The couple were going through the foster-to-adopt process for the first time, and Pohl said they are now settling into life in the U.S. with their four-year-old son, who has had a Granny since he was an infant.
“The boy’s Granny, Angie, was able to spend time with the family while they were in South Africa and the bond between her and the boy was clear,” Pohl said. “The dads also expressed their appreciation for “Gogo” Angie — Gogo is the South African word for Granny — and everything she did for their son.”
Pohl said it’s also evident that the program is incredibly fulfilling for many older members of communities, who are learning new skills and enjoy caring for the next generation.
“There is evidence that the individuals working as Grannies also benefit,” Pohl added. “They’re experiencing a renewed sense of purpose and efficacy.”
In a video that was part of Spence-Chapin’s Virtual Granny event on May 4th 2021, Granny Angie says she is thrilled the boy she has loved for the past four years is finally getting a loving family.
“I am so happy that today he is going with his Papa and Daddy, who he loves a lot, you can see,” Angie says in the video. “I am so happy for him.”

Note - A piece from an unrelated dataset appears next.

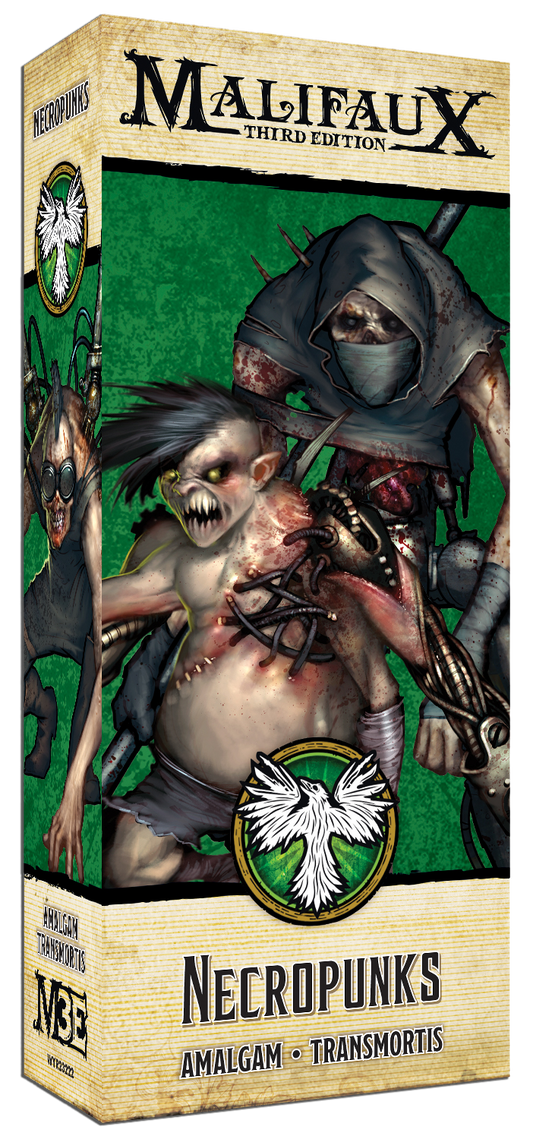Malifaux: Necropunks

According to Pohl, the Granny Program has already benefited children and volunteers in Bulgaria, China, Colombia, Moldova, Russia, and South Africa, and throughout 2022 there are plans to expand the program into orphanages in Bulgaria.
Many of the foster children at Jo’burg Child Welfare (JCW) benefit from a regular relationship with a Granny through Spence-Chapin’s program. JCW, one of South Africa’s oldest non-profit organizations, provides a range of direct services to abused, abandoned, neglected, orphaned and vulnerable children, including those who are infected or have been affected by HIV and AIDS.
With a ratio of around one caregiver to 30 babies and toddlers, Pohl said many of the children would spend long periods of time sitting in their cribs or on the floor if it weren’t for their Granny.
“From the reports we get back, children that came in at age two to three not speaking at all, within a few months of working with Grannies, they were socializing and communicating,” she said.
Spence-Chapin is focusing on raising money to bring the same life-changing Granny Program to more foster care locations across Colombia, where Pohl said orphanages tend to be much larger, with up to 200 children in each facility.